日常茶飯事
7章
朝夏は北の森を探そうなどとは考えていなかった。羽吹は繊細できれい好きな性格をしている。わざわざ服を汚しに、蚊の多い蒸し暑い森に入るとは到底思えない。それに彼女は今回のかくれんぼにいまいち情熱を持っていないように見えた。
(とすると、そんなに凝った場所には隠れていないってことかな)
朝夏は木鈴、輝月、夜蓮の三人を砂場に残して一人で公園のまだ調べていない場所を見て回った。

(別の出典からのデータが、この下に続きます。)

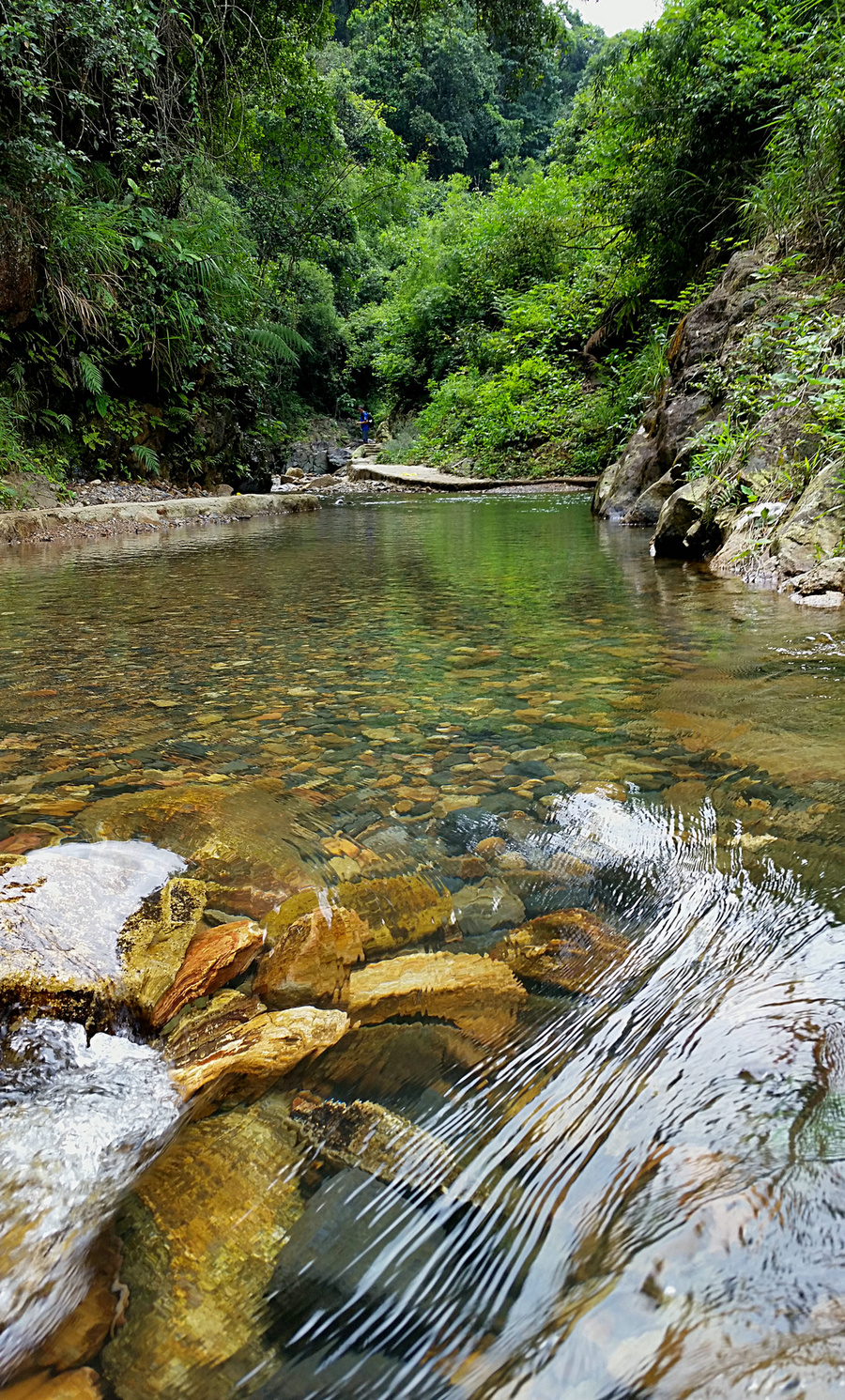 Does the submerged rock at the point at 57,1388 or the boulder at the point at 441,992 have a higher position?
the submerged rock at the point at 57,1388

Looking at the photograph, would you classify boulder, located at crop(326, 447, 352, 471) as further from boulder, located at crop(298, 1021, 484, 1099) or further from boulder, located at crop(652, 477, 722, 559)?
boulder, located at crop(298, 1021, 484, 1099)

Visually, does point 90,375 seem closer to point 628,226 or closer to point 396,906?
point 628,226

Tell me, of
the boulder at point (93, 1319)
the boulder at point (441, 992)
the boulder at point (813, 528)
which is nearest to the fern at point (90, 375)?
the boulder at point (813, 528)

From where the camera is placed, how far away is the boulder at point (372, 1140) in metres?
0.72

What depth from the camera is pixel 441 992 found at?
3.25ft

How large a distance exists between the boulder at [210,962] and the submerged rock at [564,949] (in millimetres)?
356

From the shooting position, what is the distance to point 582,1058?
85cm

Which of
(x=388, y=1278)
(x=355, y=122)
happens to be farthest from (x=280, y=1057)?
(x=355, y=122)

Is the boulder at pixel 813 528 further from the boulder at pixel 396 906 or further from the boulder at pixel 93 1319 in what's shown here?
the boulder at pixel 93 1319

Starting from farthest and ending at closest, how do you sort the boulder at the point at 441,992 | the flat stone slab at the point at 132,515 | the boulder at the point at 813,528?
the flat stone slab at the point at 132,515
the boulder at the point at 813,528
the boulder at the point at 441,992

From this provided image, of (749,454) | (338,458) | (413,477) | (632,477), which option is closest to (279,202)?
(413,477)

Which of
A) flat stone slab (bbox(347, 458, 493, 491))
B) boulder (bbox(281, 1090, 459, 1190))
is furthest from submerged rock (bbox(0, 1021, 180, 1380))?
flat stone slab (bbox(347, 458, 493, 491))

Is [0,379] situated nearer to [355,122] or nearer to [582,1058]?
[582,1058]

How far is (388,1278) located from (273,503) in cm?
950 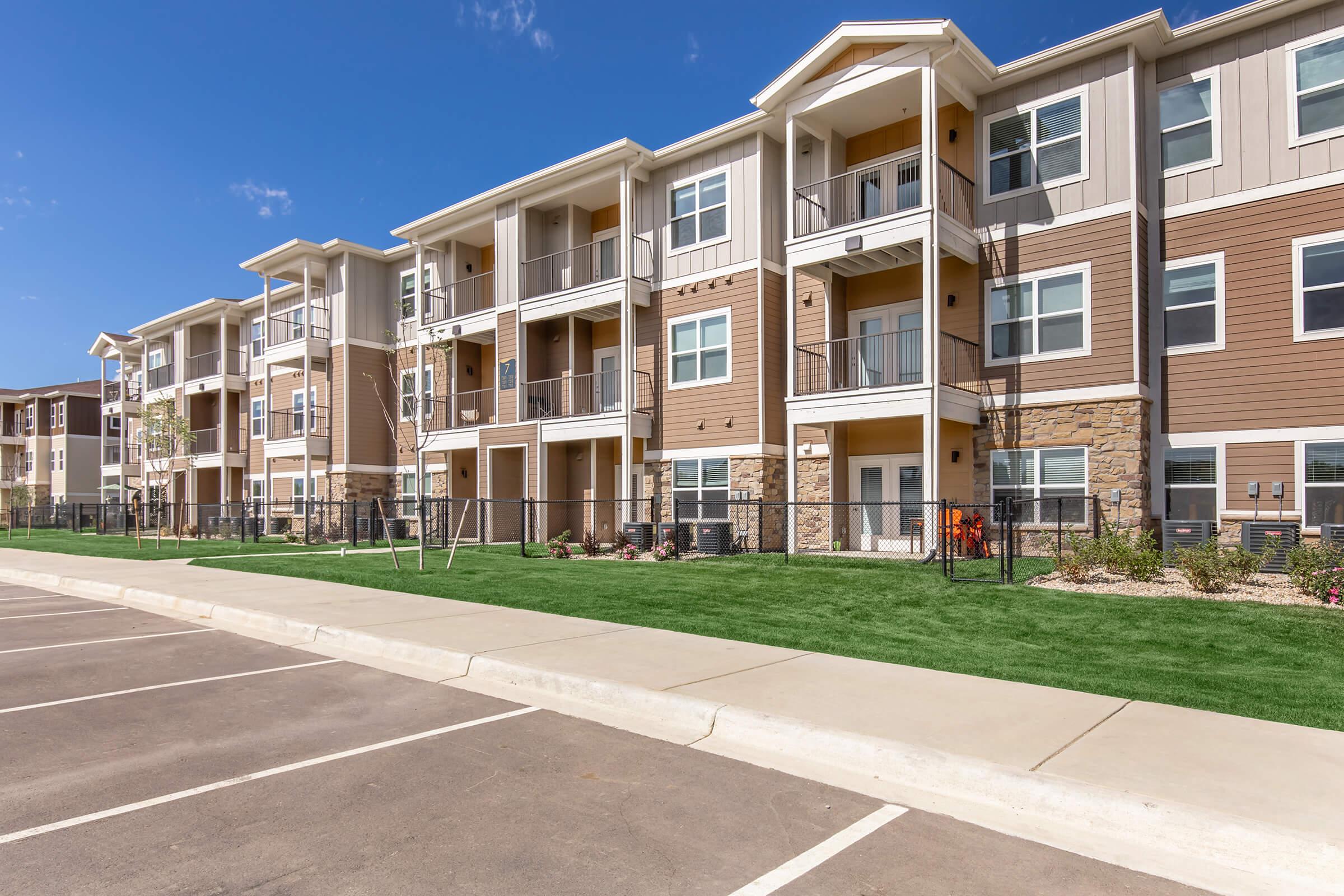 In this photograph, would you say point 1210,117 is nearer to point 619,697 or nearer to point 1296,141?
point 1296,141

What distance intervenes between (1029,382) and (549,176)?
13486 millimetres

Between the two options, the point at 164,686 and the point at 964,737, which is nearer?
the point at 964,737

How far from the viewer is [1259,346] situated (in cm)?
1474

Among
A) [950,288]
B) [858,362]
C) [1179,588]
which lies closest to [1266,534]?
[1179,588]

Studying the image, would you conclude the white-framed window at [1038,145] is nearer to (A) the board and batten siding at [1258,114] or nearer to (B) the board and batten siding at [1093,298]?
(B) the board and batten siding at [1093,298]

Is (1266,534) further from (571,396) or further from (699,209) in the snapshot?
(571,396)

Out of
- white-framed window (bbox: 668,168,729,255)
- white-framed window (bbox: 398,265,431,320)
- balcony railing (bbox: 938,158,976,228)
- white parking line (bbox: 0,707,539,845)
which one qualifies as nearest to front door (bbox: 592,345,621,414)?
white-framed window (bbox: 668,168,729,255)

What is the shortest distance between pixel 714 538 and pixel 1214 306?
10.4 meters

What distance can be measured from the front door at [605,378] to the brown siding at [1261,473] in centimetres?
1420

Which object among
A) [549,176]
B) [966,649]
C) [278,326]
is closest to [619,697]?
[966,649]

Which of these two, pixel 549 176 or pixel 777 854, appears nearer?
pixel 777 854

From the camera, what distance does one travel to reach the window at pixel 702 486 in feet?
67.0

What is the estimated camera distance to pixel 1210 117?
1534cm

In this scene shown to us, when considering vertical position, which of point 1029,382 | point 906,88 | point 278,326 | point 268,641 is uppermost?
point 906,88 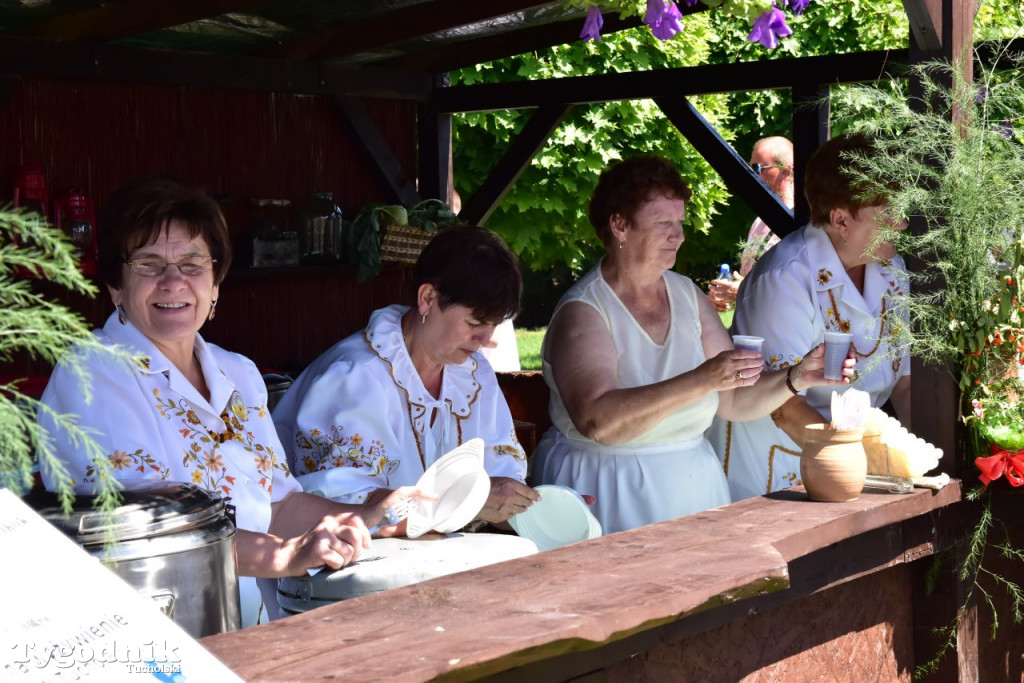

南側の樹木の陰、トイレの裏、公園の外回り…いない。羽吹は見つからない。時計を見る。あと三分。
「朝夏、見つかった?」
焦っているのが目についたのか、ついに夜蓮が声をかけてきた。
「えっ…いやまだ」
「隅々まで探したの?」
「うん。これで一通り探したことになるんだけど…」
「一通り?」
夜蓮の目が光った。
「その一通りっていうのは、『今』見て回ってたことを指すの?」
「ううん。始まった時から。今見て回ってたのはまだ調べていない場所だよ」
「フフン」
夜蓮はわかったというように笑った。
「なんかいい知恵あるの? 貸してよ」
「だんだん大胆になってきたわね。いいわ、もう一度『一通り』探してみて」
「え?」
「朝夏は、一度調べた場所をもう一度調べるっていう作業をしてないんでしょ。もう一度隅々まで調べてみるべきだわ」
朝夏は納得した。同時に、自分の詰めの甘さと夜蓮の抜かりのなさを悟った。
果たして、羽吹はすぐに見つかった。高茶と同じように、トイレに隠れていたのである。
「最初にトイレを見た時は、高茶しかいなかったよ。羽吹はいつ隠れたの?」
朝夏の質問に対し、羽吹は自慢のくせ毛をいじりながら平然と答えた。
「最初は南側の木の陰に隠れてたの。で、朝夏がトイレを出て北の森に入るのを見届けてから、トイレに隠れたってわけ」
「すごい作略だね」
「それほどでもないわ。隠れ場所を探すのが面倒だっただけよ。なんなら、木に隠れた時点で見つかったって良かったのに…」
「その言い方は、今回のかくれんぼが退屈で仕方なかったってことを指してんのか?」
かくれんぼ大会主催者の輝月が口を挟んだ。目がつり上がっている。夜蓮に言いくるめられた時のおとなしさは微塵も残っていない。一方、それに対する羽吹の答えも実に遠慮のないものだった。
「ええ、そうよ。本当は家で勉強したかったんだもの」
「勉強なんて、いつでもできら!! 友情と勉強のどっちが大事なんだよ!」
「ちゃんと参加したじゃない。まだ文句あるの?」
「この…」
輝月が独自の凶暴性を発揮しようとするのを見た木鈴が慌てて二人のあいだにはいる。
「二人ともやめろ! 羽吹の言い方はひどいけど、輝月もそれを理由に暴力を振るっちゃダメ!」
「ありのままに言っただけよ」
「どけ木鈴! こいつにゃ我慢できん!」
摑み合いになろうとするのを必死に防ぎながら、木鈴は朝夏にすがるような目を向けてきた。
「朝夏、高茶を起こしてきて! 今日はこれでお開きにするから! 夜蓮はこっちを手伝って!」
「はい!」
朝夏はくるりと背を向け、急いで高茶を起こしに走った。間近で見ると、眠っている高茶の顔はあどけない。あれだけ大騒ぎが起こったというのに、彼女はぐっすりと眠っていられたらしい。
(やれやれ、こりゃ起こすのに少し時間がかかるな)
前には爆睡少女、後ろでは激しい喧嘩。厄介だが、この六人の間ではそのくらい日常茶飯事なのですぐに丸く解決するだろう。
高茶を揺さぶる朝夏の心には、全員見つけられたという満足感しかなかったのだ。